今回は物語を魅力的にしている、主役の二人、島津とヨーコの微妙な関係についてとりあげてみたいと思います。

社会に溶け込みたくない

タイトル直後の、島津の自宅に昔の同僚が集まっているシーン。ここでヨーコは客の名前を呼び間違えたことが原因でキレてしまいます。なんか二人の外の世界との関わり方をうかがう上で象徴的なシーンです。

ふつう結婚すると、二人で暮らし始めるだけではなく、二人そろってのコミュニティーへの参加を求められます。小さなところでは親戚づきあいとか、友人や同僚を家に招いてのホームパーティーとかがそうでしょう。ところが、二人はそういった外の世界との関わりを拒絶して、二人だけの世界に閉じこもろうとしているように見えます。実際にはそれぞれ仕事をもっているので、個々には社会関係が存在するわけですが、二人いっしょのときには、そういう外の関係をできるだけ持ち込まないようにしているということです。

これは特にヨーコの方に顕著で、島津の方は、それを受け入れるというか、そういうヨーコとの関係を守っていこうという意志が感じられます。

映画ではカットされていますが、島津の家に訪ねてきた編集者阿波野がいみじくも「二人とも社会に溶け込みたくないと思ってるんじゃないですかね」というせりふが脚本にはあります。

夫婦ごっこ

それでは二人の関係がお互いがお互いだけを見ている濃密なものかというと、そんなことはなく、二人の間には「ホントの夫婦」にならないような斥力が働いているようです。

部屋をただ無意味に歩き回るヨーコが、じっと見ている島津に向って唐突に「あなた、私に、やさしすぎやしない?」…「見ないで欲しいのよ、私のことを、そんなに」といったりしています。

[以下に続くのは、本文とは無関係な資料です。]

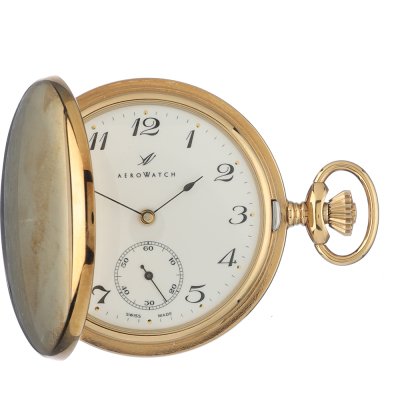 Montres de poche Aerowatch Pocket watches 55630-J502 Savonnette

また、お互いに、飛蚊症などの問題にしなければならないシリアスなことを、あえて触れないようにしています。

これもカットされていますが、脚本には、島津自身が「時々、夫婦ごっこをやっているような気になってきて…(中略)…お互いに問題にしすぎると、何て言うのかな、ホントの夫婦になってしまうような…」というせりふがあります。

ホントの夫婦というのは多分、二人の間の緊張感がない関係を指しているのだと思います。あえて緊張感を求めて、不器用な夫婦ごっごを続ける二人といったところでしょうか。

まとめ

二人の間の触れようとしても触れられないような微妙な距離が、この映画を魅力的にしているポイントだと思います。